DATA PROVIDED START

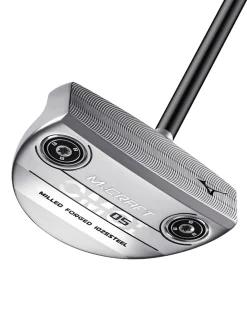 Mizuno M.CRAFT OMOI Putter - #5
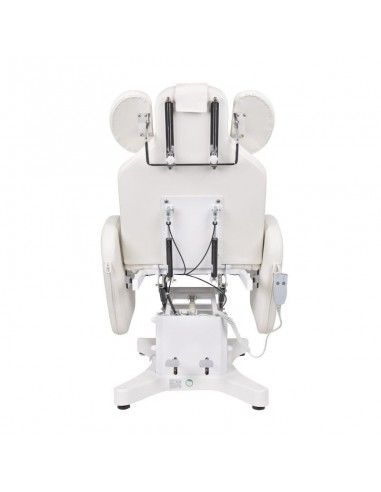 IVETTE PROFESIONAL ELECTRIC EYELASH TRATMENT BED WHITE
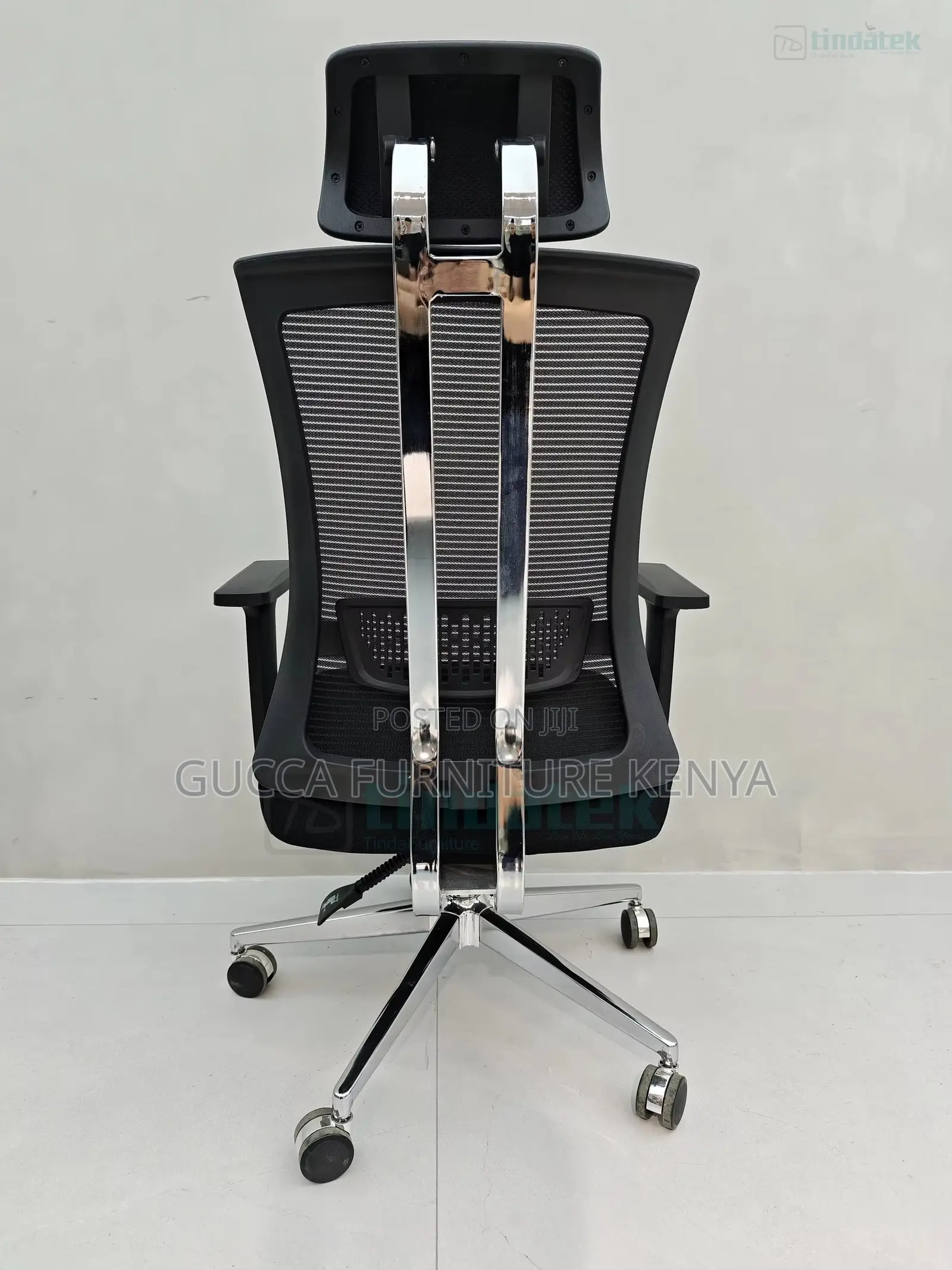 Executive Office Ergonomic Desk Chair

DATA PROVIDED END

- **TRY IT**: Only the text of the material belongs in your copy, which must match the original exactly.

- **REPLY TO THE EXERCISE**:
 Mizuno M.CRAFT OMOI Putter - #5
 IVETTE PROFESIONAL ELECTRIC EYELASH TRATMENT BED WHITE
 Executive Office Ergonomic Desk Chair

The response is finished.